* **EXERCISE DESCRIPTION**
Your copy should hold only the lines from the one with "Once you have switched" to the one with "After you do", both included, each exactly as it stands below, with no pictures.

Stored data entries
========================

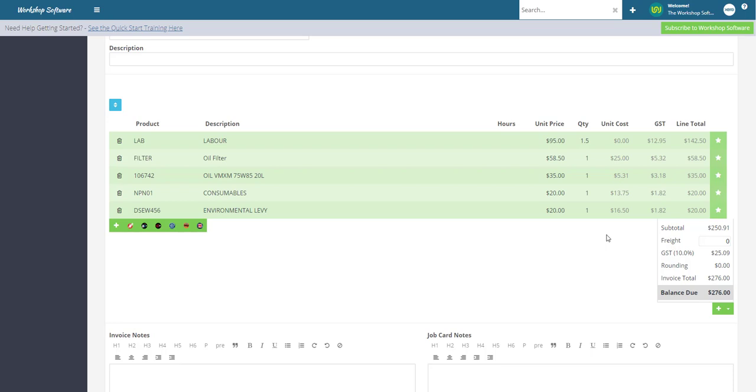Please note, regardless if you choose to use the unit cost to show the unit cost on the invoice or not, the unit cost does not appear on the invoices that you email or print for your customer. This feature only affects what you see on the screen when you're working on the invoice.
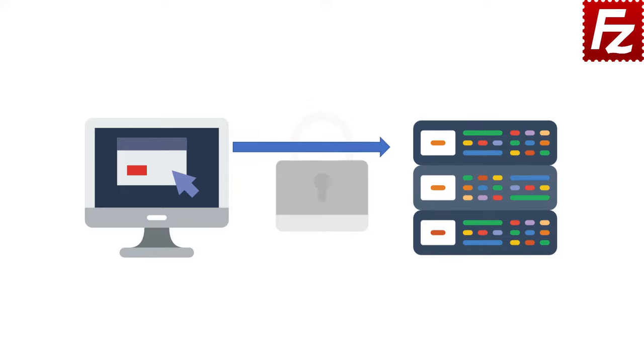The client can now send requests for file operations. The server checks the permission for the operation and, if allowed, the operation is performed. Then returns success or failure.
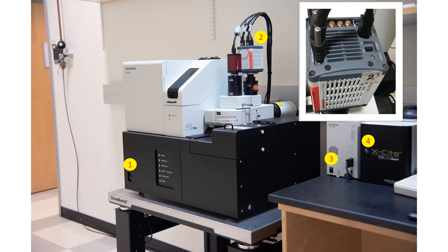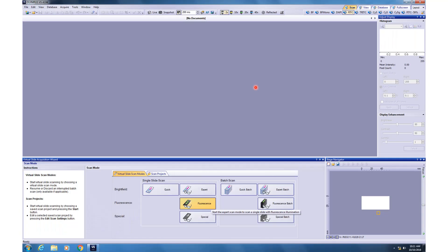Once you have switched on all the components, then you are all set to start the software. Once you have started the software, click on this button highlighted here, the fluorescence button. If you are doing one slide, for the sake of this tutorial, we will be covering only the single slide mode.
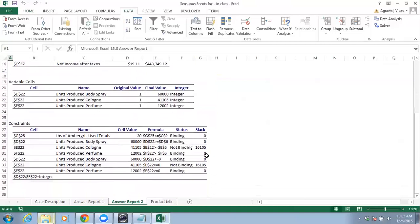This section shows the details about your constraints. As you can see, the constraints marked as 'Binding' are the binding constraints. Binding means they have a slack of zero — they are limiting or restricting the feasible region. Whatever optimal solution we are getting is governed by these binding constraints, not by the non-binding ones.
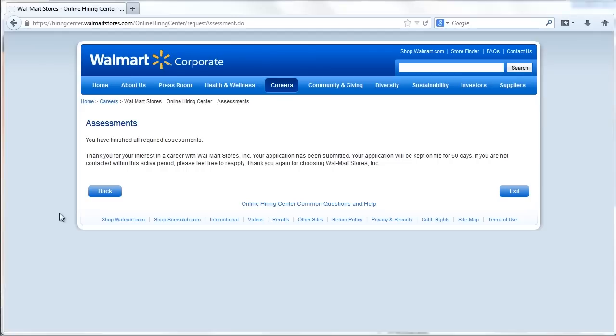Workers must provide an online signature agreeing to the terms and conditions of the application before submitting.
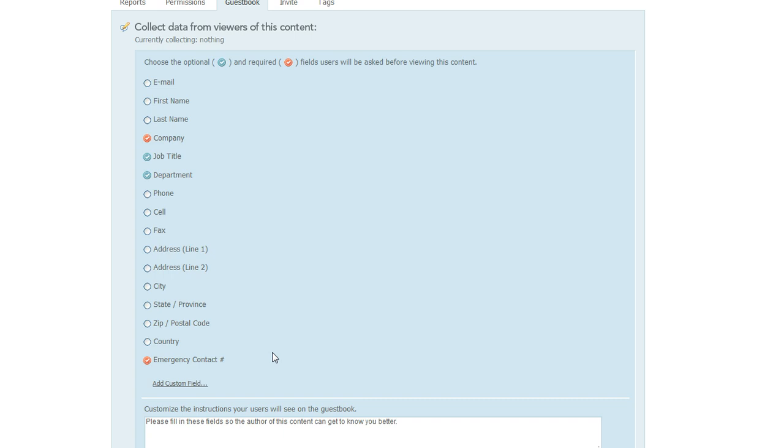Now one thing to keep in mind is that if you create a custom field like this that you also want to use in the guest books for other content items, you'll need to make sure and type it exactly the same way for each content item. Otherwise, it'll actually be treated as a unique field when you run reports, and that could look a little confusing, like there's duplicate information.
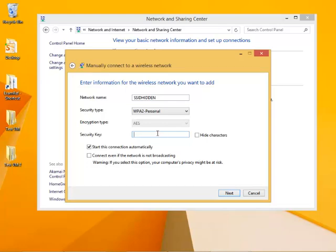After you do that, if you've typed all the right things and click Next, you'll be joined to the network. This is how you connect to a hidden network.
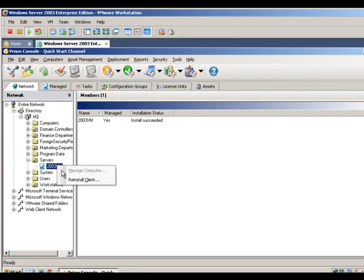Once a client is installed, it will routinely take an inventory of the software and hardware of the workstation and send that information to the Prism Asset Manager server.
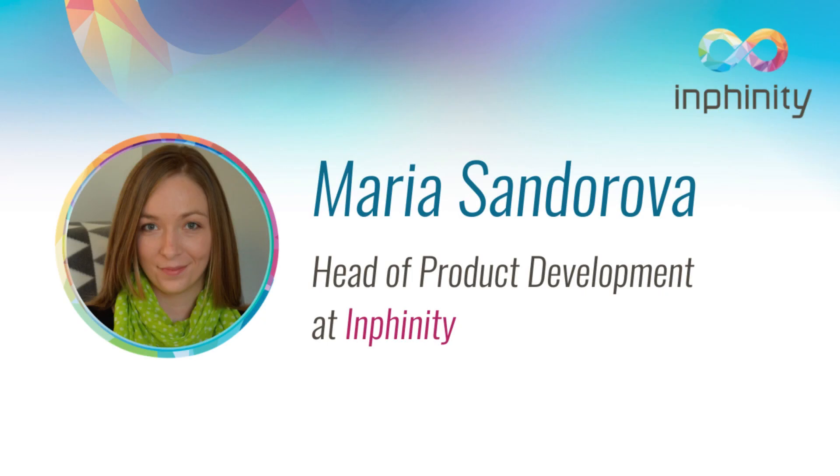Hello Clickers! My name is Maria Shandorova and I am responsible for product development at Infinity.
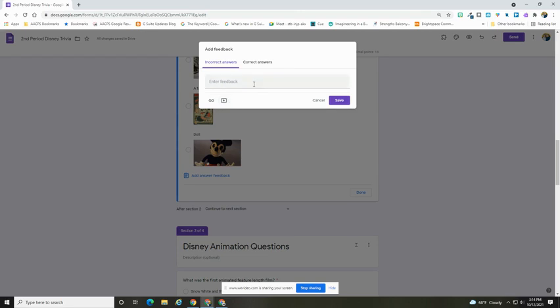Keep in mind that feedback option is only going to be visible to students if you select to immediately release scores after they hit submit, because otherwise they won't see any feedback that you provide to them.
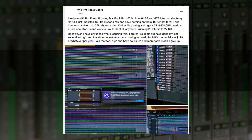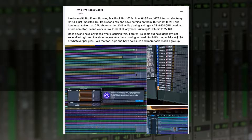He's running a MacBook Pro 16-inch M1 Max, 64 gigabytes RAM, 4 terabytes internal — that's a powerful computer. He's got Monterey version 12.2.1, just imported 160 tracks for a mix with nothing on them, buffer size set to 256, cache set to normal. CPU shows under 20% while playing, and he's getting AAE 6101 CPU overload errors non-stop.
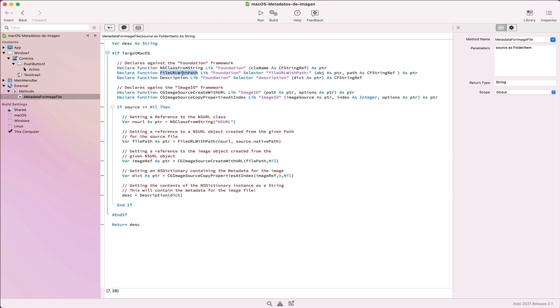That URL needs to be an NSURL, got via the fileURLWithPath function from the foundation framework that receives, as its argument, the native path from a Xojo folder item. Then we only need to call this other function, also from the imageIO framework, that is responsible for getting the metadata for the image as an NSDictionary object.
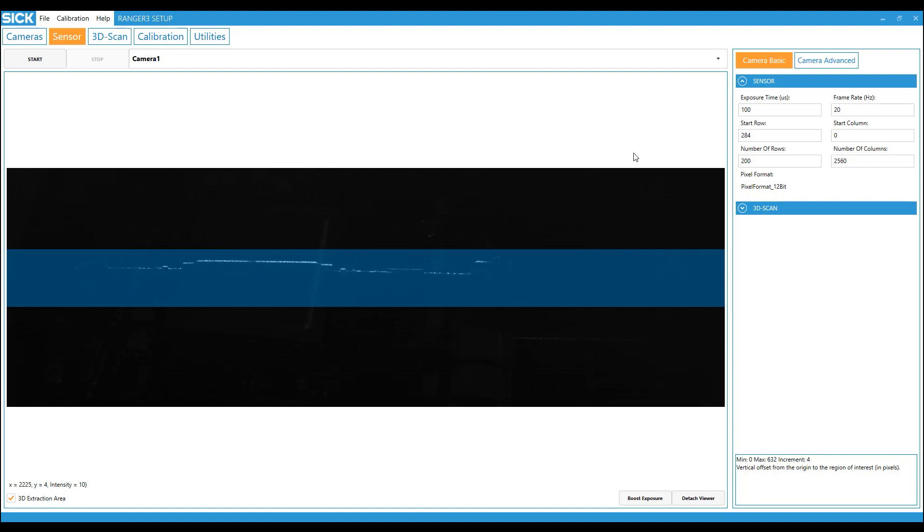However, remember that all these parameters affect the calibration and after changing them, calibration has to be redone.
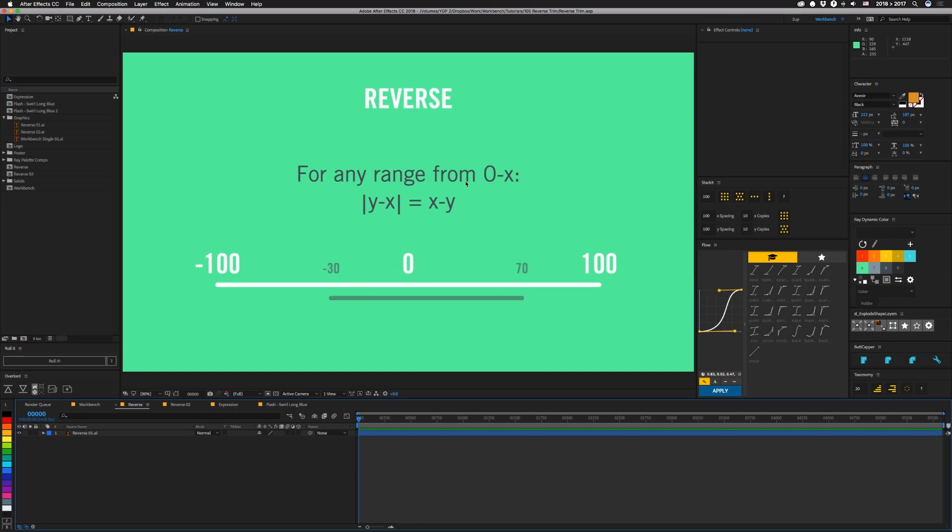But also for any range that goes from 0 to x, you can take the value itself and subtract the endpoint and take the absolute value, that's what these lines on the outside mean, so that when 70 minus 100 equals negative 30, you basically just take 30.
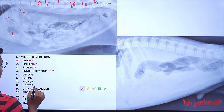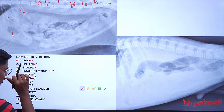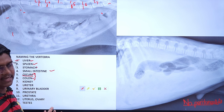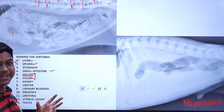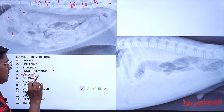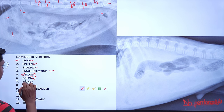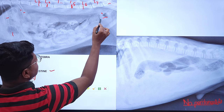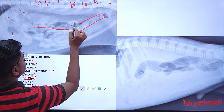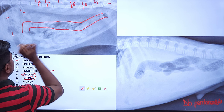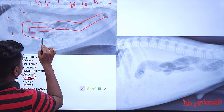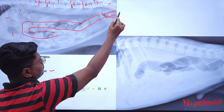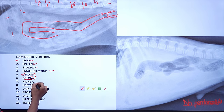The large intestine has two parts: cecum and colon (with rectum). The cecum is usually not visible in cats — it is conical, rarely contains gas, but is visible in dogs. The colon has three parts: ascending, transverse, and descending. In the lateral view, the descending colon is visible, followed by transverse and ascending.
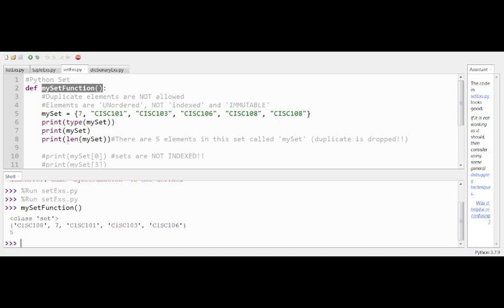The number of elements is five — consistent with the duplicate being dropped. That's a major difference between sets and the other two collections, lists and tuples. This might seem excessively restrictive, but sets are often used for mathematical set operations — unions, intersections, and so on. In a mathematical union of two sets, duplicate entries wouldn't appear even if an element existed in both set A and set B. That's the primary use case.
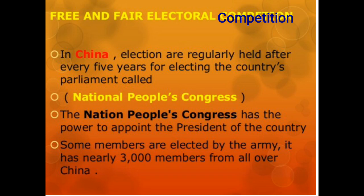The National People's Congress has the power to appoint the president of the country. The president is appointed by the National People's Congress, which is the Parliament of China. Some members in the country are elected by the army, and there are about 3,000 members in all who are elected by the army in the government.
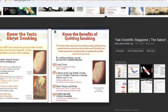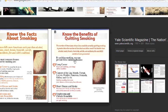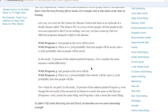Framing example: 'Know the facts about smoking' or 'Know the benefits of quitting smoking.' One's talking about the facts and the other one's saying, but if you did smoke — so knowing the facts is like the glass is half empty. Knowing the benefits of quitting smoking, the glass is half full, because you can still benefit from stopping smoking now. See the difference? This is called framing.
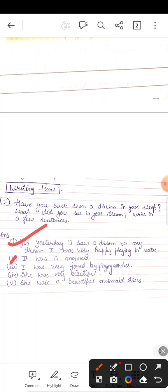मैंने एक कल dream देखा था. उसमें मैं बहुत ज्यादा खुश थी और मैं पानी में खेल रही थी. Mermaid के साथ खेल रही थी. Mermaid क्या होती है? जलपरी होती है.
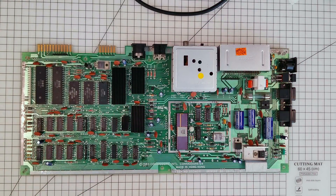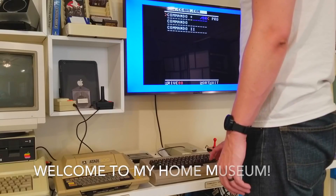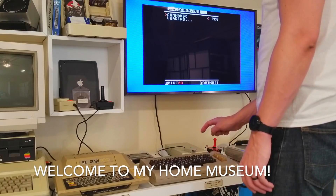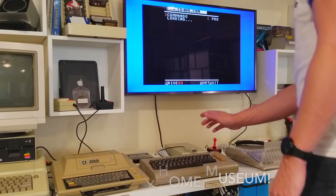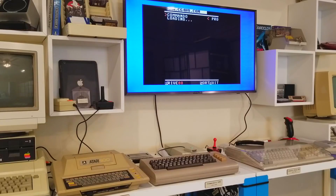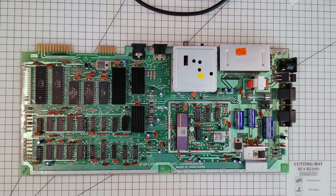So usually you can see the problems if you try to run PAL software on NTSC machines. Firstly, the music plays a lot faster. In fact, the entire game plays a lot faster. So here's the game Commando, and if you're used to the music, you'll be able to tell instantly that this is playing a lot faster.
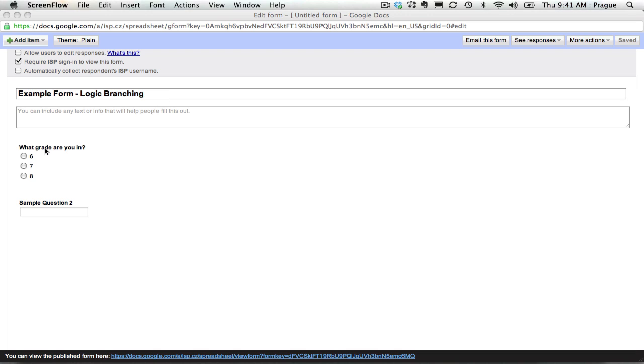So the first question we're going to ask people is what grade they're in. We're going to assume we're in a middle school with sixth, seventh, and eighth grades, and we're going to assume that our sixth graders will have a few different questions than our seventh and eighth graders, but that we want to ask all three grades some similar questions.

========================

* **EXPECTED OUTPUT**
Once you have switched on all the components, then you are all set to start the software. Once you have started the software, click on this button highlighted here, the fluorescence button. If you are doing one slide, for the sake of this tutorial, we will be covering only the single slide mode.
This section shows the details about your constraints. As you can see, the constraints marked as 'Binding' are the binding constraints. Binding means they have a slack of zero — they are limiting or restricting the feasible region. Whatever optimal solution we are getting is governed by these binding constraints, not by the non-binding ones.
Workers must provide an online signature agreeing to the terms and conditions of the application before submitting.
Now one thing to keep in mind is that if you create a custom field like this that you also want to use in the guest books for other content items, you'll need to make sure and type it exactly the same way for each content item. Otherwise, it'll actually be treated as a unique field when you run reports, and that could look a little confusing, like there's duplicate information.
After you do that, if you've typed all the right things and click Next, you'll be joined to the network. This is how you connect to a hidden network.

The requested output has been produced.